What a book! What a beautiful, beautiful book! Play Pen is a compilation of “new children’s book illustration.” The book showcases over 30 illustrators from around the world, categorized by “genre,” if you will: Picturebooks, board books; Alphabets, wordplay, and novelty; Older Children; and Non-fiction. Each illustrator has four or five pages with choice illustrations from children’s books they’ve done, along with a brief biography about their background and career. Below are excerpts from the well-crafted and keen introduction.

… The aim of this book has been to represent a broad range of stylistic and conceptual trends and a range of cultural characteristics from around the world, across what is increasingly a global market.
Some of these issues and questions are explored in depth in academic literature, where the verbal and visual texts of children’s books are examined with specific regard to their role in the educational development of the child. This book is more concerned with the art itself, and with the thoughts and motivations of the artists themselves.

There is much debate about what constitutes an ‘appropriate’ visual diet for children. It seems that different cultures still have widely divergent views and traditions here. A tour of the annual Bologna Children’s Book Fair, for instance, reveals that, at present, UK publishers are deeply conservative in their use of illustration as compared to, for example, their French, Italian, Norwegian, German and Scandinavian counterparts. When asked about this, most UK publishers will claim that, much as they love the ’sophisticated stuff’, they can’t sell it. It is never easy to know who is leading whom where, but it is hard to believe that some countries produce innately more sophisticated and visually discerning children. A more plausible explanation perhaps lies in a tendency towards the self-fulfilling prophecy approach to marketing.

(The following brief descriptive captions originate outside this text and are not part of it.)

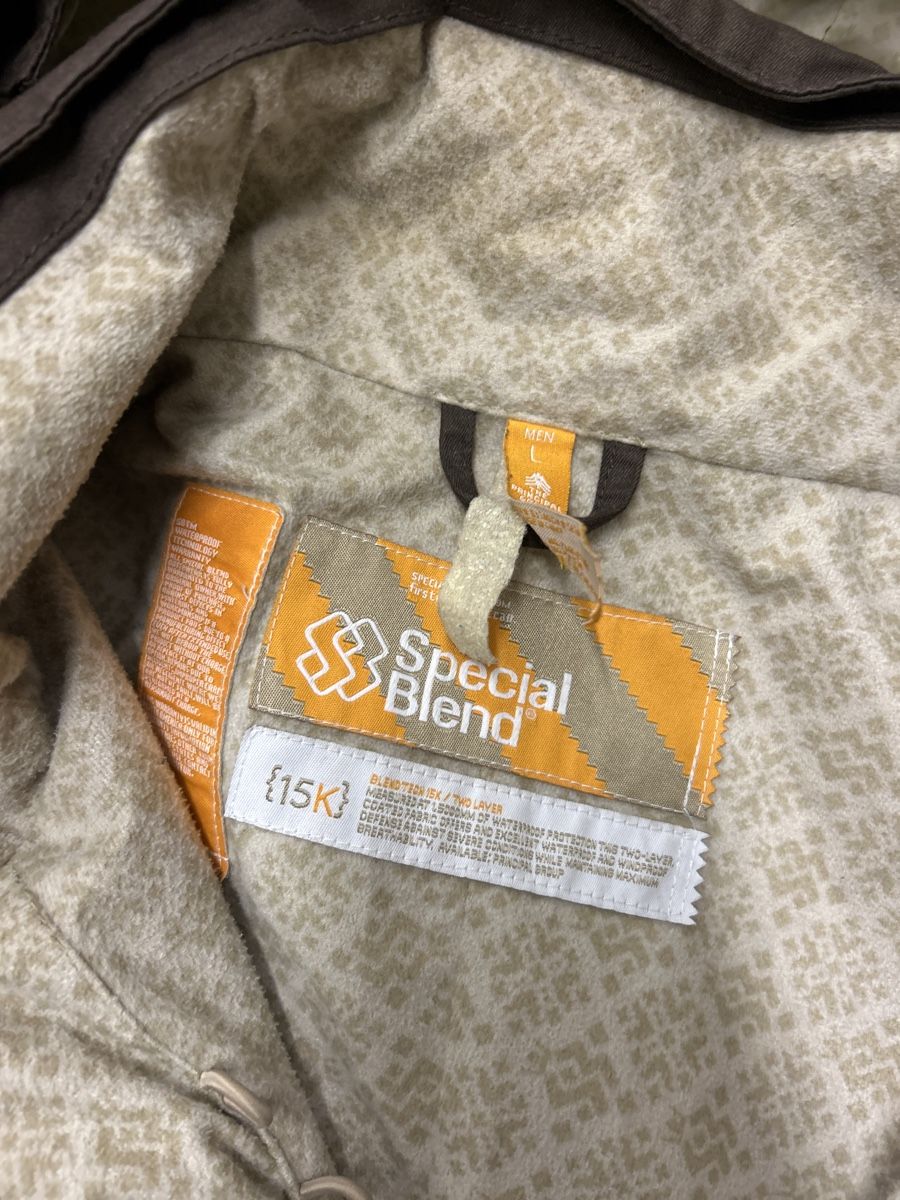 Giacche: Snowboardjacke Special Blend braun Grösse L – Usato da Bern venduto da floorball_zoro 2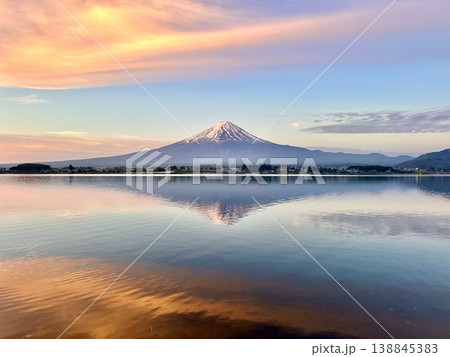 河口湖から見る富士山と朝日に染まる雲 138845383
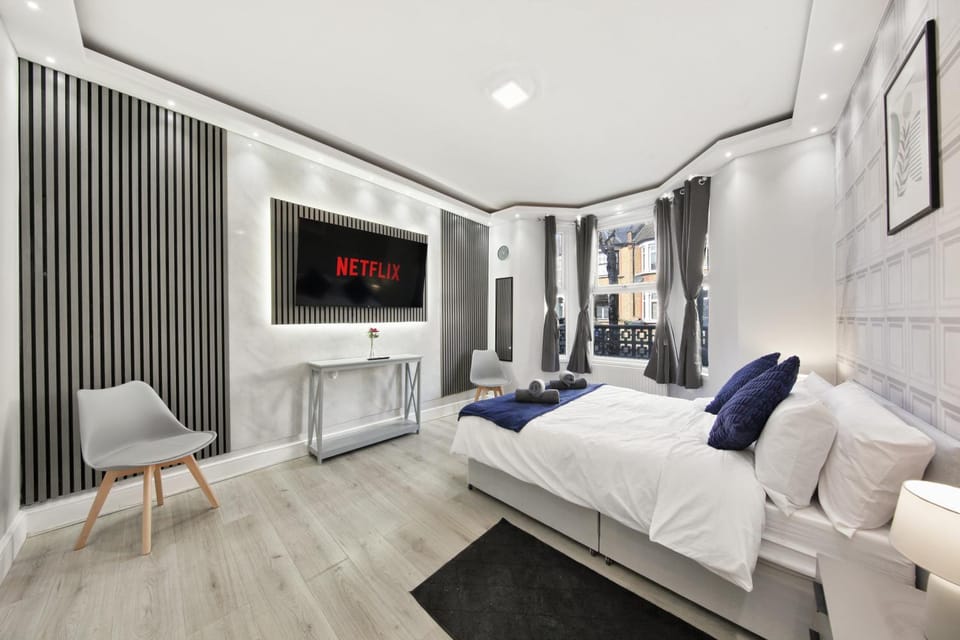 The Cozy Stays Leyton House Bed and Breakfast in London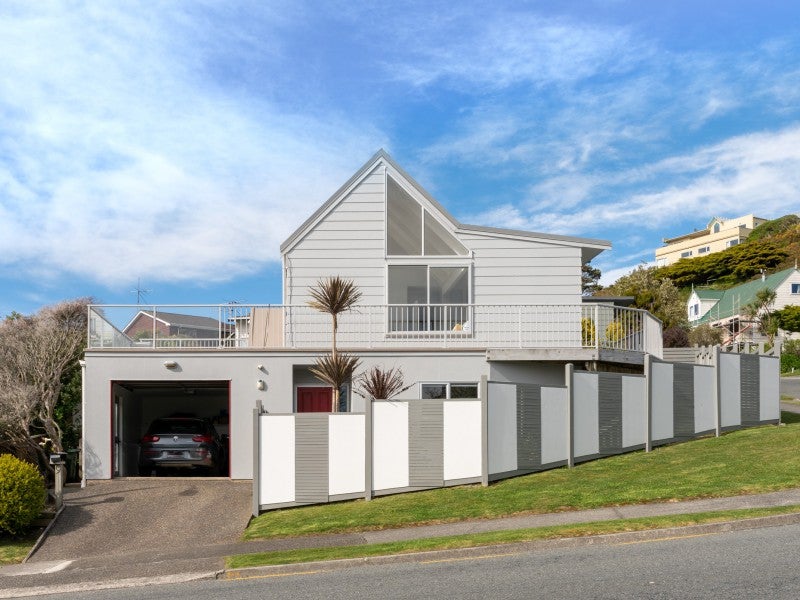 9 Nalanda Crescent, Broadmeadows, Wellington - Carousel 1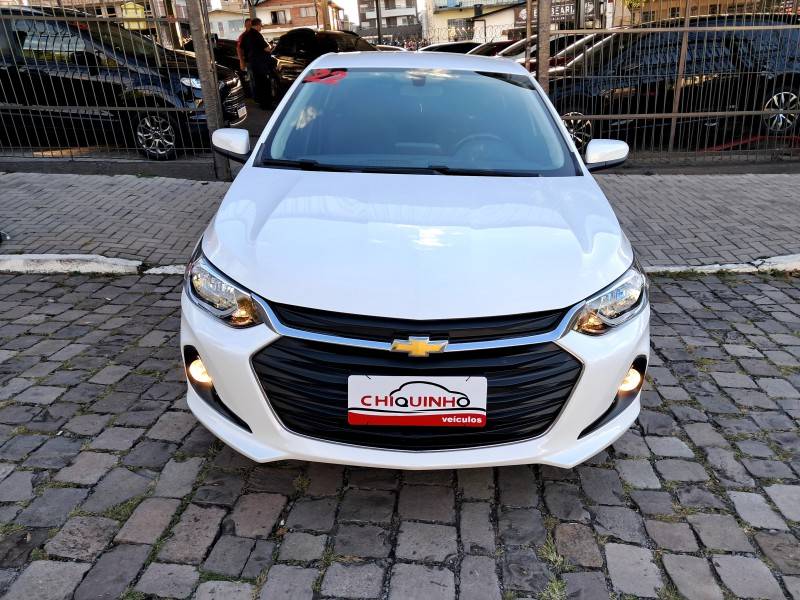 CHEVROLET - ONIX - 2021/2022 - Branca - R$ 83.900,00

The rich diversity of artwork from across the globe is increasingly threatened by the growing necessity for publishers to sell co-editions of their books to other countries, most importantly the USA. This has initiated a worrying tendency for artists to be given long lists of ‘dos and don’ts’ and being encouraged to avoid overtly ‘local’ visual references. This would seem to be a misguided idea, and as the influential writer on children’s literature, Joseph H. Schwarcz pointed out: ‘It is fortunately true, though, that as in all good art the universal significance found in the most excellent examples arises from a background with a strong local flavor.’

Pictures in picturebooks will mean many things to children. Often the pictures themselves are the meaning now, rather than a mere subservient clue to the meaning of words. And besides, I would argue that pictures in picturebooks have a far more important role to play in the development of the child than a mere aid to reading.
The introduction makes a lot of good points, I feel. The only sad thing about Play Pen is that the illustrations inside are all so beautiful, and yet the books that contain them are not so readily available! Hopefully, as the world becomes a smaller place (take that how you will), we’ll all be able to realize the importance of celebrating our “local flavor” rather than subduing it in the name of some asinine concept that it would be inappropriate or too confusing. How else is the imagination sparked than by experiencing the new and exciting - the familiar unknown? I think I can safely speak for thousands of people when I say that I wouldn’t be learning Japanese and traveling abroad to study in Japan if it weren’t for randomly discovering Japanese animation and music, so different from what I knew at the time that I was instantly infatuated!